VR Track’s labour negotiations continue, even as the Finnish Electrical Workers’ Union members returned to work when the strike ended Friday evening.
“Saturday work continued as normal and the strike caused no disruption to train scheduling,” says Tuomas Aatro, Deputy Director General at the Finnish Service Sector Employers' Union known as PALTA.
Yet industrial action is not over. Union branch number 177 has announced that the next employee strike is scheduled to begin on July 26 and will continue until July 30. In a show of solidarity, other unions are expected to join in the last day of striking.
Employer representatives are not optimistic about reaching a satisfactory conclusion anytime soon.
“Finding some kind of agreement would require a reconsideration of the union branch demands,” says PALTA’s Aatro.
Aarto says it is possible that the dispute can be solved in a conciliatory fashion, but no official mediating meetings have been arranged. For the time being, he says there are no prerequisites for reserving a time to sit down with a state-appointed labour mediator.
The Finnish State Railways VR has grown tired of the repeated striking and has introduced a three-week lockout at VR Track, beginning July 31.
“In practice, this means that workers’ pay will be suspended for three weeks,” says Aatro.
PALTA’s lockout affects all electricians that are members of the Electrical Workers’ Union and branch number 177.
Installation specialists want in on Electrical Union’s collective agreement
Branch 177 of the Finnish Electrical Workers’ Union, known as the Rail Transport Electricity, Telecommunications and Safety Professionals Association, has arranged several labour strikes throughout the summer.
“It is simply a matter of shop steward rights.

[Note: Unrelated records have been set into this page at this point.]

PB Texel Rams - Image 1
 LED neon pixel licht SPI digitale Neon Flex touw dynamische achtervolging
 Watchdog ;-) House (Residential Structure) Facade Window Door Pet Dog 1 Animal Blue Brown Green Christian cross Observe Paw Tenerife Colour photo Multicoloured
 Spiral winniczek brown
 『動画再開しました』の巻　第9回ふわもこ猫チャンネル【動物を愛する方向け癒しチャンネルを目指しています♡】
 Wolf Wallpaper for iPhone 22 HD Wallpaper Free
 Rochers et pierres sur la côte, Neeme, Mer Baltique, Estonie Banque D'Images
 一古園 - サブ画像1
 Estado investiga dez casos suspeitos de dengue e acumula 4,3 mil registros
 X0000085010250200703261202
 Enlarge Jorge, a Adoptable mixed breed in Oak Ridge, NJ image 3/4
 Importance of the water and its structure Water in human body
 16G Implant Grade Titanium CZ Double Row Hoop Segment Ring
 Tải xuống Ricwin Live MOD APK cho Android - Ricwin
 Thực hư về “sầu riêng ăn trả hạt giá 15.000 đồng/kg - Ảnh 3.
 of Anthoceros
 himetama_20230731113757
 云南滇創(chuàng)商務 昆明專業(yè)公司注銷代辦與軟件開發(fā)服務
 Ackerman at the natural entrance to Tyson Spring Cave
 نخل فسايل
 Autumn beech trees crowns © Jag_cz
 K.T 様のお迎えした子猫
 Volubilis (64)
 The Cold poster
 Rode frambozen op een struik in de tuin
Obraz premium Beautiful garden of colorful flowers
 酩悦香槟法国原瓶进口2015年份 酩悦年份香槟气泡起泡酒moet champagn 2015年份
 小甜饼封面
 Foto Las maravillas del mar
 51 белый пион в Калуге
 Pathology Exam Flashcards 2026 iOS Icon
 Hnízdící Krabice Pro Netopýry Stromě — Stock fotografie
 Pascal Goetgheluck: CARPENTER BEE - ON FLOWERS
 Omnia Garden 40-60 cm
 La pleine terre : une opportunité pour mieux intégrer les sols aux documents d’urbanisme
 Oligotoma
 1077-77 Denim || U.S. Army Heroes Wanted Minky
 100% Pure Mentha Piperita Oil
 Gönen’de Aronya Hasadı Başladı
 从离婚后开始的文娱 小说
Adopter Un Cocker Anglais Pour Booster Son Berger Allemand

Upcoming layoffs also play a significant part,” says Union Chair Petri Tamminen.
Tamminen says the dispute is about letting electric installation specialists enjoy the same working conditions as workers under the Electrical Workers’ Union collective agreement. This way, workers would receive their own shop stewards who would represent them in future labour negotiations. Currently VR Track's electrical installation specialists come under existing labour agreements for railway workers.
VR says railway sector labour agreements are traditionally negotiated by JHL, the Trade Union for the Public and Welfare Sectors, and sees no justification for changing this practice.